Member of the United States House of Representatives from New York's 17th congressional district
- In office November 9, 1836 – March 3, 1837
- Preceded by: Samuel Beardsley
- Succeeded by: Henry A. Foster

Personal details
- Born: July 28, 1805 Lowville, New York, U.S.
- Died: November 12, 1877 (aged 72) Utica, New York, U.S.
- Resting place: Forest Hill Cemetery Utica, New York, U.S.
- Party: Jacksonian Democratic
- Spouse: Mary Forman Miller^{[citation needed]}
- Children: 6^{[citation needed]}
- Parent(s): Morris Smith Miller Maria (Bleecker) Miller
- Education: Litchfield Law School
- Profession: Attorney; businessman; politician;

= Rutger B. Miller =

American politician (1805–1877)

Rutger Bleecker Miller (July 28, 1805 – November 12, 1877) was a United States representative from New York.

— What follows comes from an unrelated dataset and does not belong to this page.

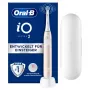 Oral-B 2 iO Suaugusiems Vibracinis dantų šepetėlis Rožinis, Baltas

His father was Morris Smith Miller, also a U.S. representative from New York.

== Early life ==
Rutger Bleecker Miller was born on July 28, 1805, in Lowville to Morris Smith Miller. Miller attended the common schools in Utica, the Catholic College in Montreal, Quebec, Canada and Yale College. He graduated from the Litchfield Law School in 1824 and was admitted to the bar, practicing in Utica from 1829 to 1831. He was manager of the Utica Wilberforce Society 1829 and was interested in banking and railroads in 1832 and 1833.

== Career ==
Miller was a trustee of the village of Utica from 1829 to 1831; served as member of the first board of aldermen of the city of Utica; was a member of the New York State Assembly in 1832; and was clerk of the United States district court in 1833 and 1834.

=== Congress ===
Miller was elected as a Jacksonian to the Twenty-fourth Congress to fill the vacancy caused by the resignation of Samuel Beardsley and served from November 9, 1836, to March 3, 1837.

=== Later career and death ===
He engaged in building and railroad construction, and subsequently in the management of his farm in Boonville in Oneida County.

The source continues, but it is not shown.